The term loan modification gets passed around a lot when families are facing foreclosure. It is definitely a potential solution to avoid foreclosure for homeowners. However, is it indeed the best option available? Why are only 20% of homeowners who apply getting approval for loan modifications? It’s a staggering statistic, so lets look at why banks are denying this process in today’s market.
Foreclosure is the process the bank initiates when a family stops making payments to their lender resulting in three months of unpaid mortgage payments. This circumstances usually happens because a family encounters hardships where they are unable to sustain the current payment structure. There are many options available for homeowners during the pre-foreclosure process. Every family has their own unique set of circumstances, and specific solutions are a better fit for the homeowners over others.
A loan modification is a tool that is used to renegotiate the legal contract between the lender and the homeowner called a mortgage. Both parties attempt to work together looking for a solution to avoid going to foreclosure auction. Loan mods became popular because of their use throughout the 2008 home crisis. The government got involved changing the regulations and worked with the banks to avoid completely crashing the economy.
When the government stepped in to assist homeowners and banks, they implemented some programs and incentives. For example, there was a program called HAMP (Home Affordable modification program). Before this program went live in 2012, there was no standard approach. Since the economy has improved dramatically, these programs have been shut down. As a result of the attention that was on the lending community, there are now tighter restrictions surrounding the industry as a whole.
In today’s market, the banks favor three main methods when it comes to loan modifications.
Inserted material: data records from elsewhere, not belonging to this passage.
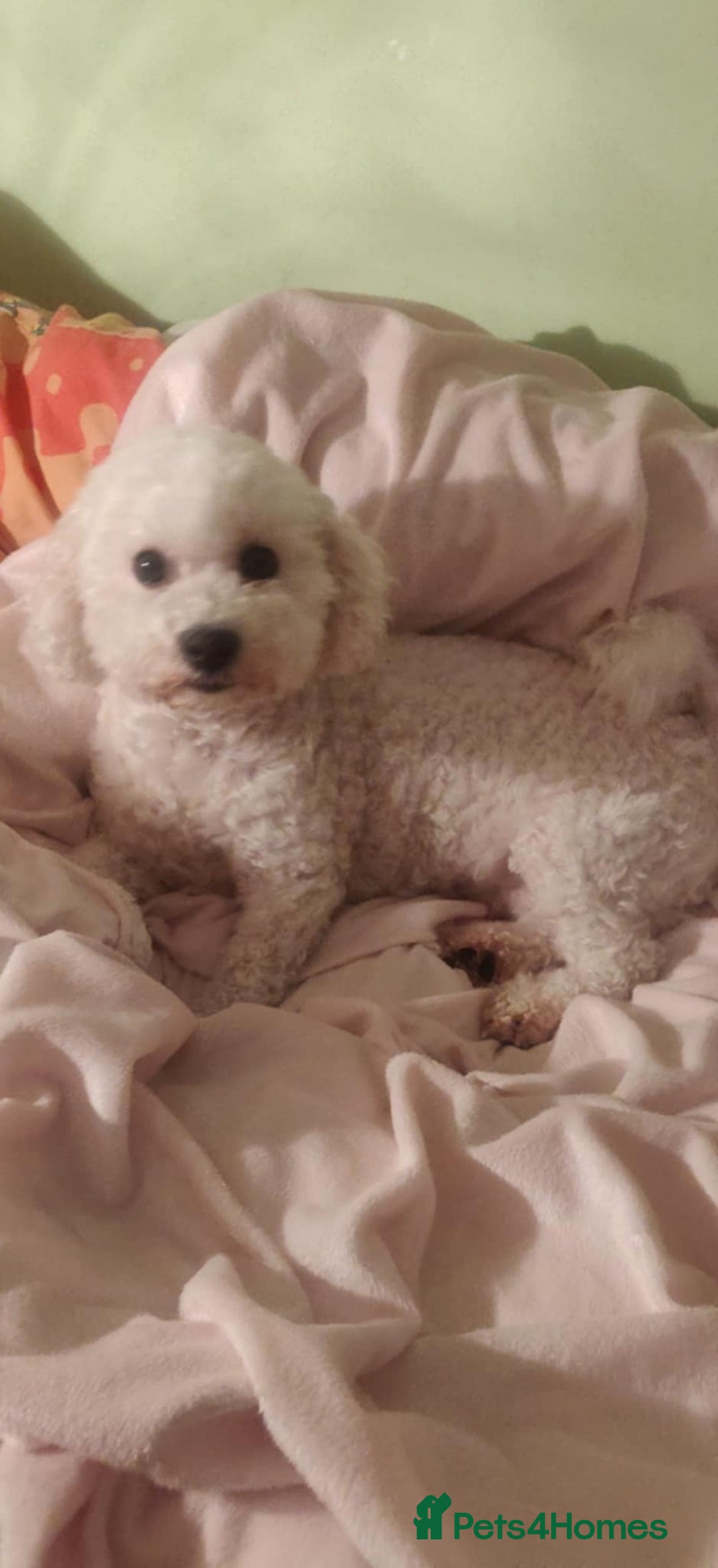 Maltipoo dogs for sale: Beautiful maltipoo puppys - Image 12
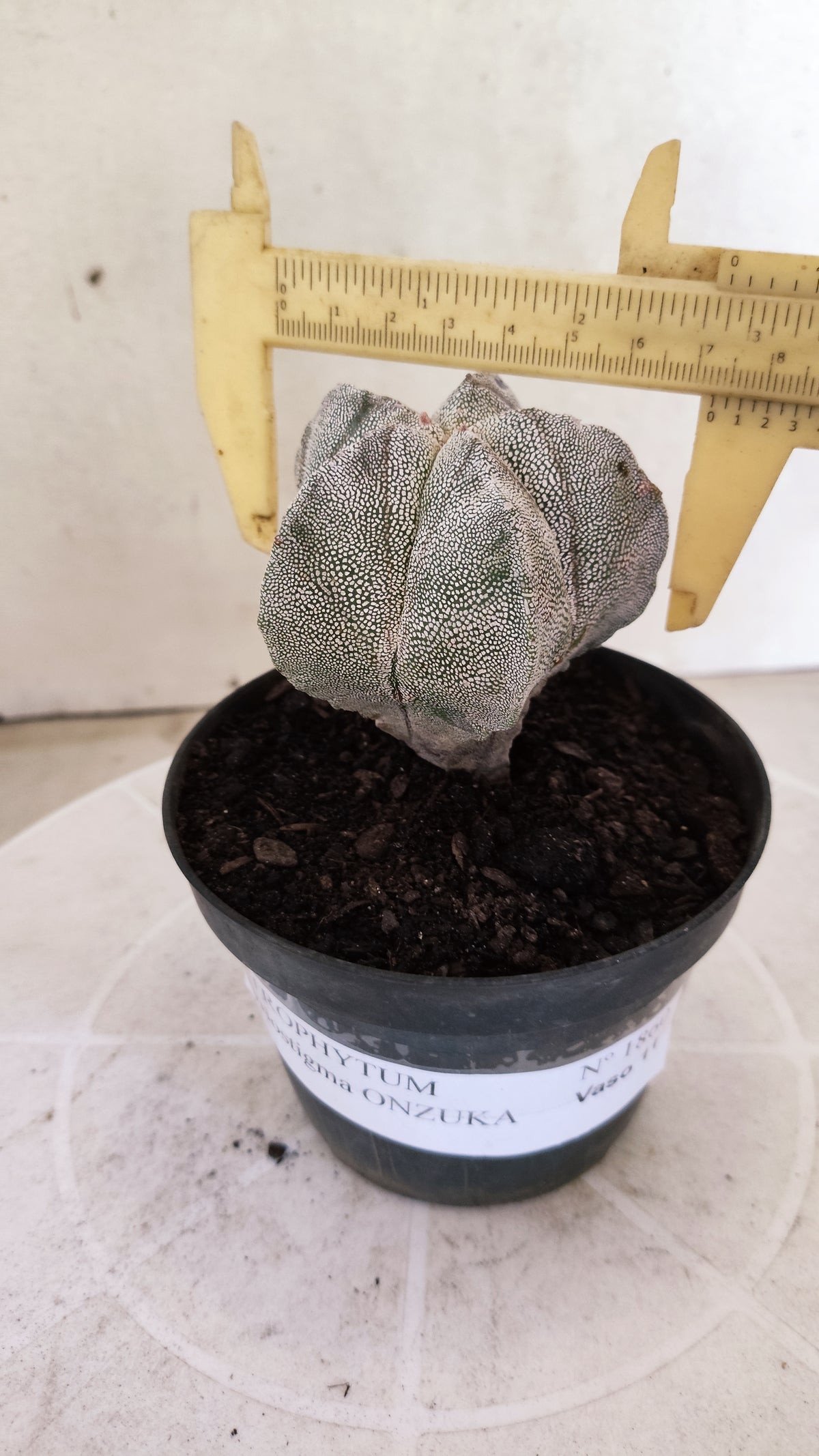 ASTROPHYTUM MYRIOSTIGMA Onzuka  Nº 1860 – vaso 11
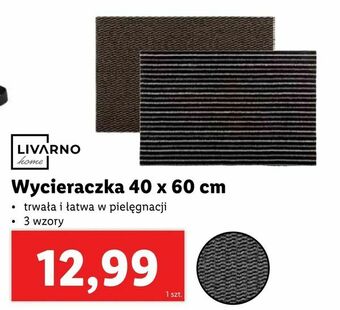 Wycieraczka 40 x 60 cm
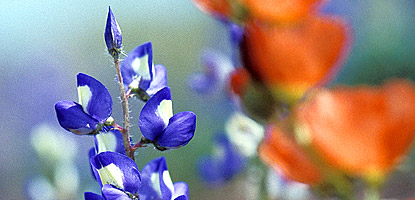 photo: Dwarf lupine (Lupinus pusillus) and common globemallow (Sphaeralcea coccinea)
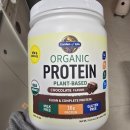 약사가든 | 약사추천 가든오브라이프 프로틴 초콜릿 맛 후기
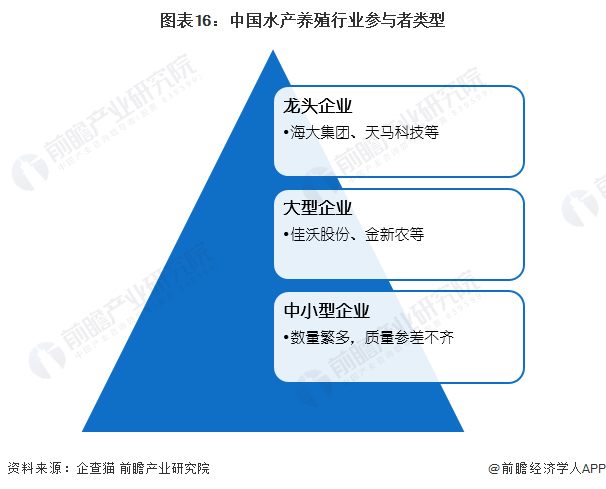 2024年中国水产养殖行业供应链十大代表性企业：国联水产、大湖股份、好当家、东方海洋、开创国际……(图4)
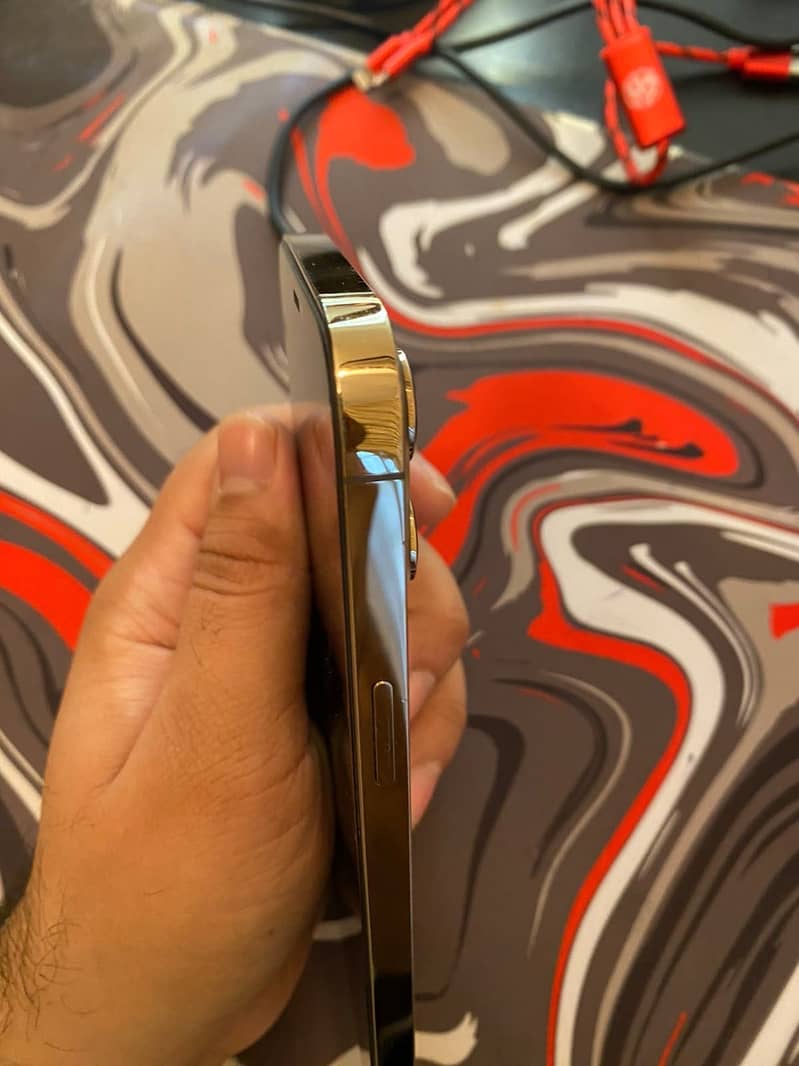 Apple iPhone 12 Pro Max 18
If the homeowner does not qualify within these three primary categories, the bank will refuse the application. Lenders deny applicants for other reasons too such as not having a genuine hardship. Ather challenge is a lot of time is lost pursuing loan modifications only to find out the applicant was not approved.
The first method banks utilize Is developing a repayment structure attempting to bring the family back on their target with back payments. If this number is too aggressive for the family to endure, they won’t likely get approved.
The second primary method that employed Is an interest rate reduction process which involves re-working the numbers in the contract to comply with the income to debt ratio. If the new structure is not within this range, the families can be turned down.
The third method utilized is called extended amortization. This process is where the bank will drop your monthly rates but extend the overall length of the mortgage. For example, the lender might take the 30-year contract and extended it to 40 effectively reducing the monthly payment structure. If this structure still appears as high risk, the bank will deny the application.
Although the bank has the right to deny homeowners for other reasons including the definition of true hardship the bank would prefer to work with somebody that can handle the original agreement over the long term. This protection measure is why the banks will entertain other options from investment teams and advisors regarding selling the home as an alternative to foreclosure.
Lenders would preferably work alongside the homeowner and negotiate a strategy that would carry less risk for both the bank and the homeowner. A short sale is usually a better solution because it can relieve the family of a commitment perhaps not sustainable longterm and at the same time allowing them to get out from under their debt.
To conclude, Banks have tightened regulations regarding loan modifications and have a high denial rate. There are other alternatives for homeowners to pursue that may serve them better long-term. Loan modifications do not make a lot of sense because they can delay principal payments for years.